1946 to 1950: No. 18 rue Séguier (right).
When the Nazis were chased out of Paris in 1944, Albert Camus, then 30, suddenly became famous all across France, revealed as the editor-in-chief of Combat, the most important clandestine newspaper during the Occupation. And when the paper went above ground, he continued as chief. In 1946 he rented an apartment for his wife Francine and their year-old twins here in Saint Germain-des-Près. Besides editing the paper, he completed his novel The Plague in 1947, a huge best seller, with 52,000 sold in the first two months, and considered by many his finest work of fiction. But Combat could not compete with the big Paris, and he had to close it down at the end of the year.
Camus had become friends with Jean-Paul Sartre 1943 and remained close at the start of this period, with Camus commissioning Sartre in 1946 to go to America to report for Combat. But politically, they were moving apart. Sartre, never a member of the Communist Party, nevertheless hued to the Stalinist line, whereas Camus, once a Party member in Algeria, began speaking openly about the Soviet gulags and other forms of political repression. “It is better to be wrong by killing no one rather than be right with mass graves,” he wrote.
|Jean Paul Sartre & Simone de Beauvoir|
1943: La Louisiane, No. 60 rue de Seine
Jean-Paul Sartre and Simone de Beauvoir lived in the Hotel La Louisiane during the last couple of years of the Occupation and after the Liberation. Camus first met them at a rehearsal of Sartre’s play Les Mouches (The Flies) in 1943, Camus being a playwright too. He was eight years younger than Sartre, and a sort of older brother/younger brother relationship began. Beauvoir would invite Camus for dinner at La Louisiane, even during the severe food shortage in the Occupation. In her memoir La Force de l’age (The Prime of Life), she calls Camus “a simple, cheerful soul,” ignoring Camus’ status on Combat, and certainly frowning at the fun he and Sartre were having.

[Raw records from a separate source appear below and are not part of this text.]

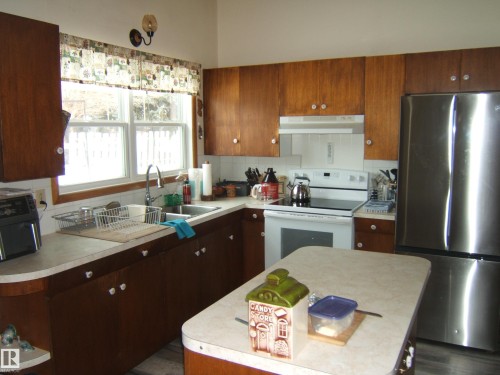 The kitchen features wood cabinetry, a white tile backsplash, and a stainless steel refrigerator - 4702 52 Avenue, Two Hills, AB - Indoor Photo Showing Kitchen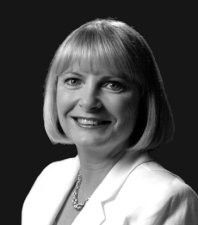 Black-and-white studio portrait of a smiling woman in a light blazer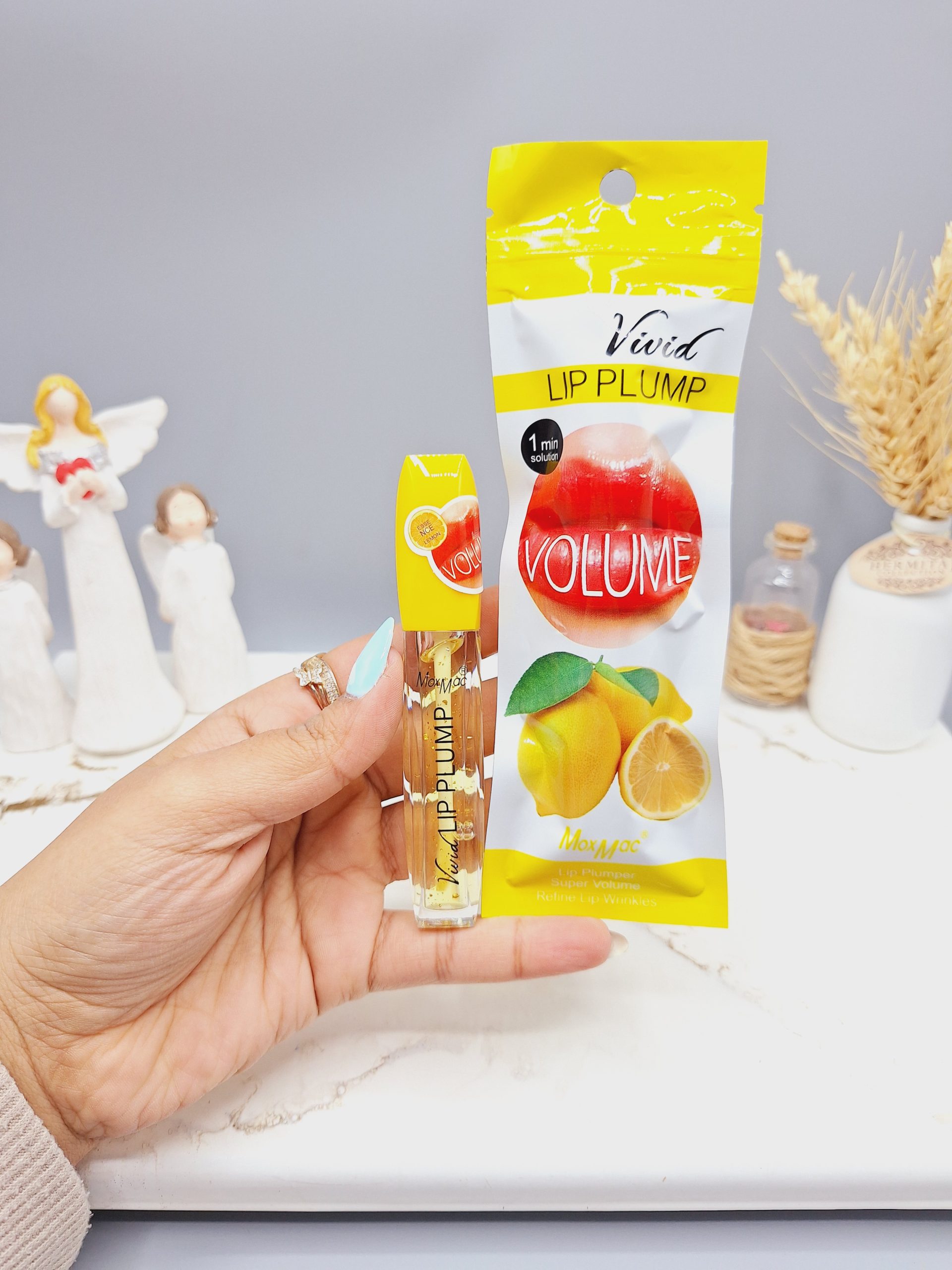 حجم دهنده لب رایحه لیمو Vivid کد 1551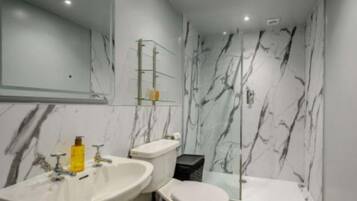 A bathroom with a marble wall, a sink, a toilet, and a bathtub.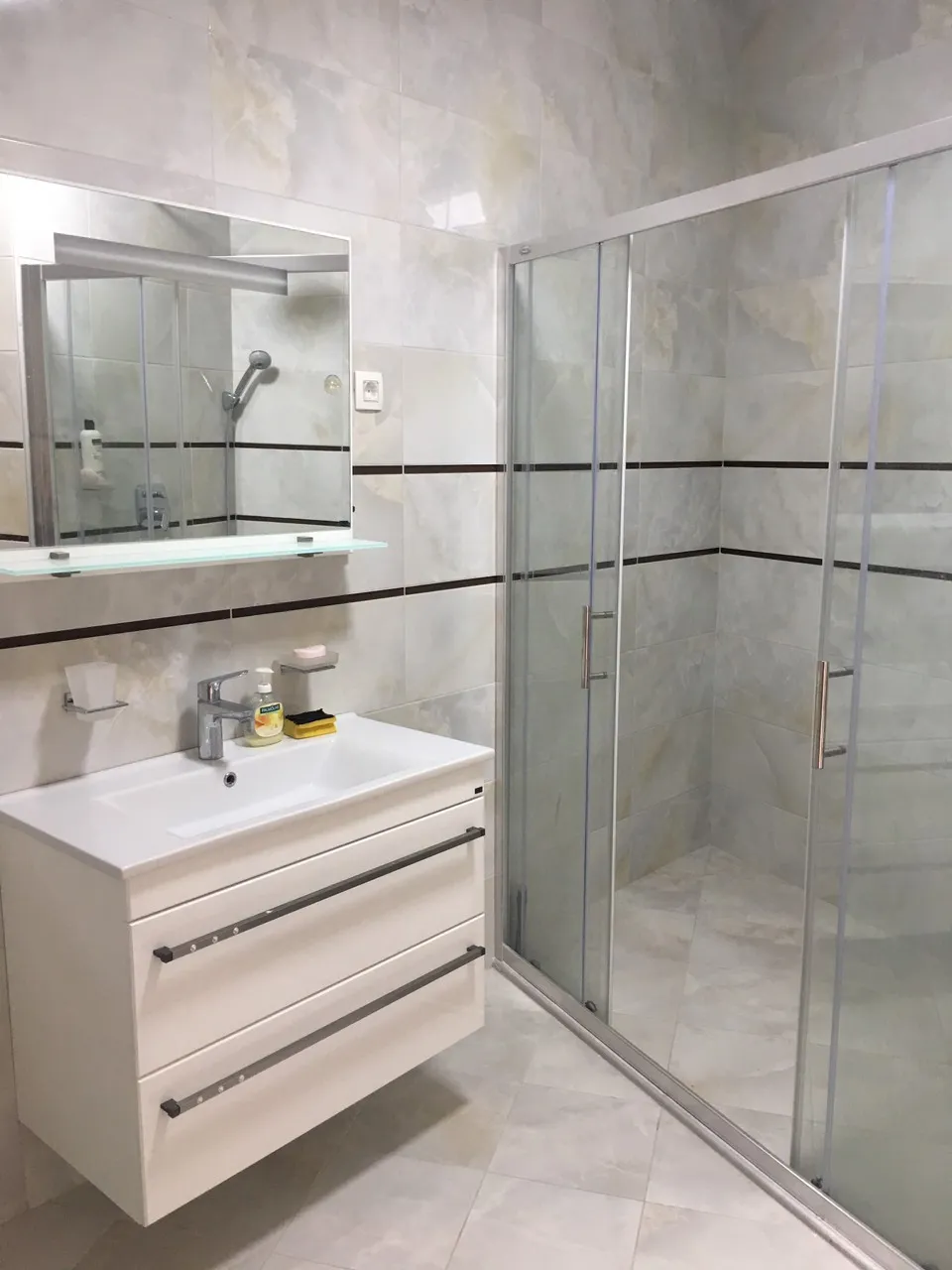 Bathroom featuring a white vanity sink, mirror with shelf, and a glass shower enclosure against tiled walls.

The Café de Flore and the Brasserie Lipp
Surprisingly, despite the restrictions of the Occupation, literature thrived in France during these years. Camus published his first books The Stranger and The Myth of Sisyphus in 1942, and Sartre his philosophical tome Being and Nothingness and his play The Flies the following year, and No Exit in 1944. Place Saint Germain-des-Prés was literary ground zero. Sartre and Beauvoir and their “family” took over the upstairs room at Café de Flore as their work and socializing place, away from the German officers below. Camus was not one to hobnob with groups of intellectuals. So he and Sartre would lunch or dine, just the two, across the boulevard at Brasserie Lipp. Sartre did not consider Camus a philosopher, but he admitted that he was the better writer.

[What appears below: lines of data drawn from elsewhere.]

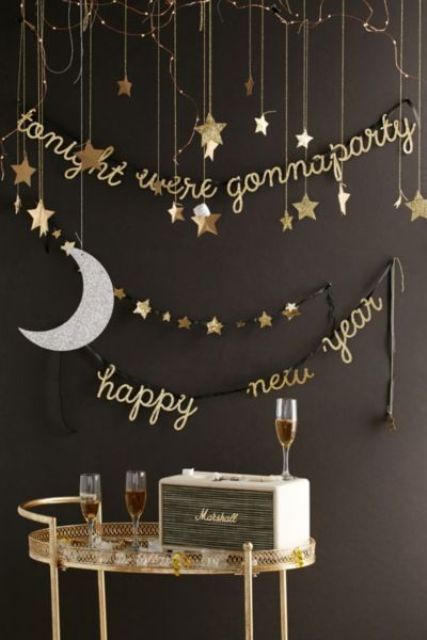 hanging stars, a moon and calligraphy garlands for decorating a drink station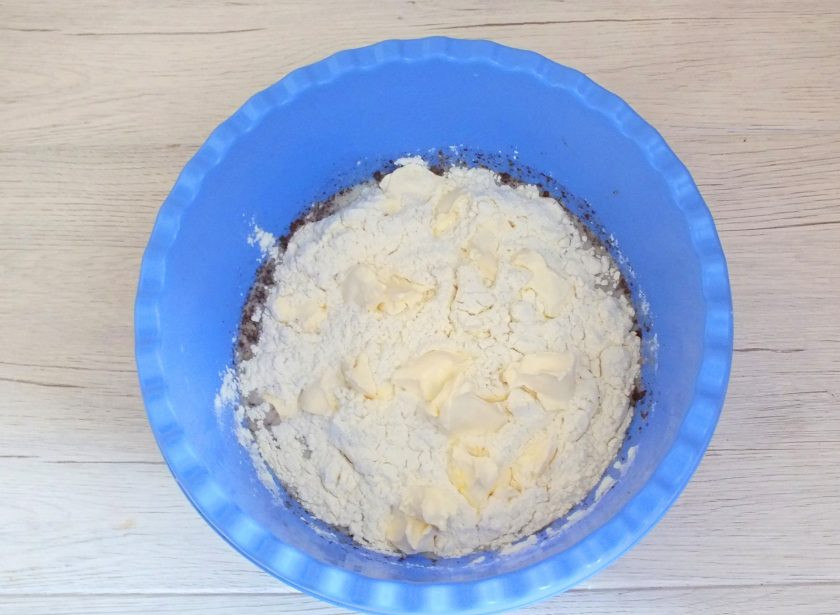 1. Этап. Булочки Даллас: Всыпьте часть муки, добавьте 75 грамм мягкого сливочного масла. Перемешайте ложкой. Всыпьте еще муку и начните замес теста руками.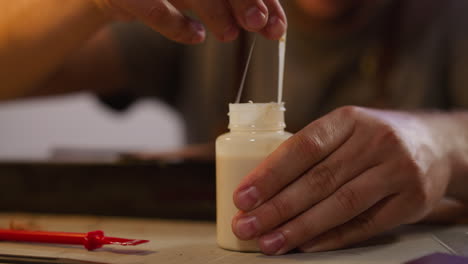 Craftsman-takes-away-dry-parts-of-glue-from-bottle-at-table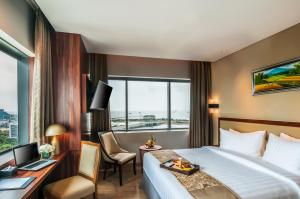 马卡萨Arthama Hotels Makassar的酒店客房配有一张床、一张书桌和一台电脑
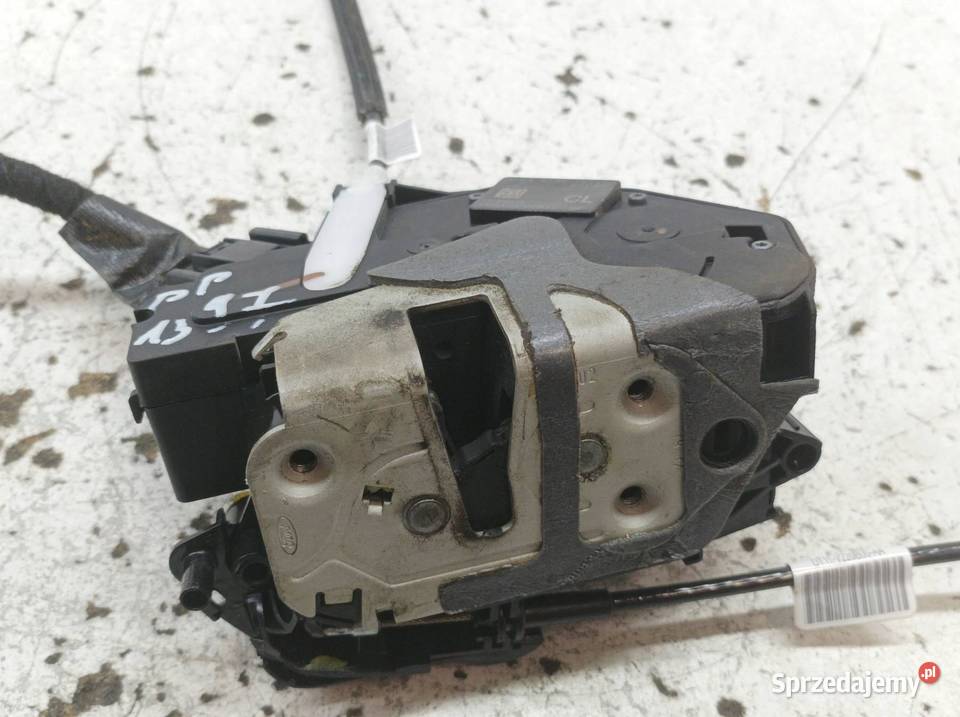 ZAMEK DRZWI PRAWY PRZÓD EUROPA AM5AU21812BF Ford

The Café de la Mairie du 6ème Arrondissement
After moving to the Saint Suplice area in 1950, the Café de la Mairie became Camus’s local. He’d stop in for his petit déjeuner and paper on his way to his office at Gallimard, the company that published all his books and put him their elite readers’ committee in 1942, and became practically a family member of the large Gallimard clan. Their solid welcome helped make up for Camus troubled upbringing in Algeria, his father dead in World War I when Albert was just a baby, and his mother poor, Spanish-born, and illiterate.

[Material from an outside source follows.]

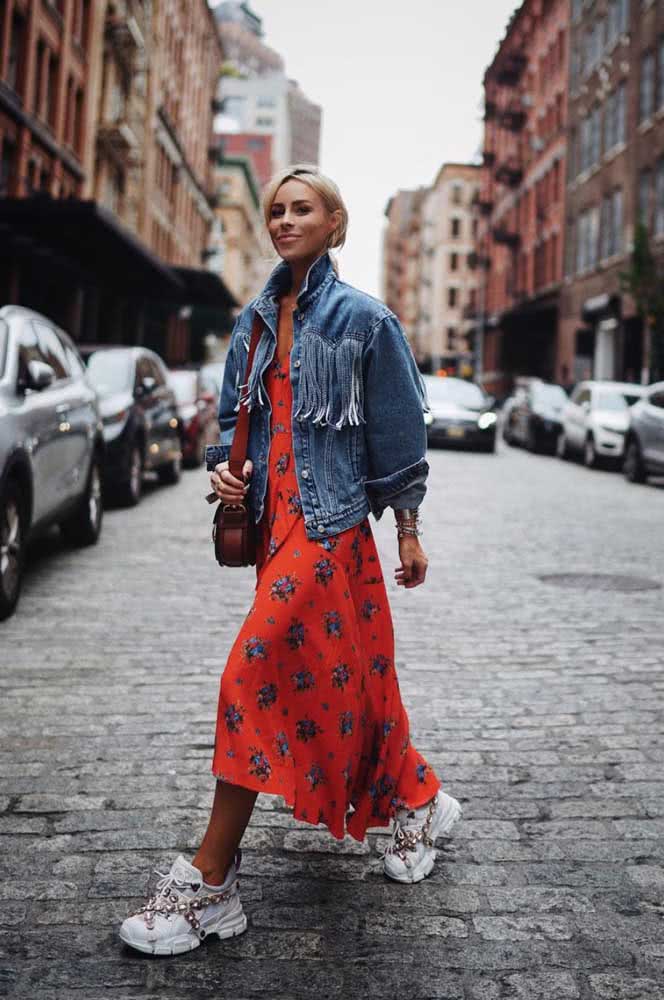 Já para um visual fashionista, uma combinação de arrasar com vestido midi floral, jaqueta jeans larga e dad sneakers brancos.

The last house: No. 29 rue Madame
In 1950 Camus, Francine and the twins moved to this attractive building right near the Luxembourg Garden, convenient for him to take the kids there. Things went smoothly at the beginning, but the most painful period of his professional life came the following year, when The Rebel, Camus’s “intellectual genealogy of totalitarianisms,” came out in October, 1951. The far-Left-leaning Saint German-des-Prés literati turned viciously against him. Sartre roasted him in 19 vitriolic pages in Les Temps Moderne, attacking him for his “somber self-importance” and “mournful moderation” in his politics. The press played it up as a personal feud, but it was essentially a dispute about the nature of the Soviet Communism.
In 1956 Camus wrote La Chute (The Fall), his last finished book, and the following year came the Nobel Prize. At age of 43, he was the second youngest Nobel laureate, after Rudyard Kipling 50 years earlier, at 42.
But little over two years later, on January 4, 1960, he was killed in a car crash.
Francois Mauriac called him “the conscience of his generation.”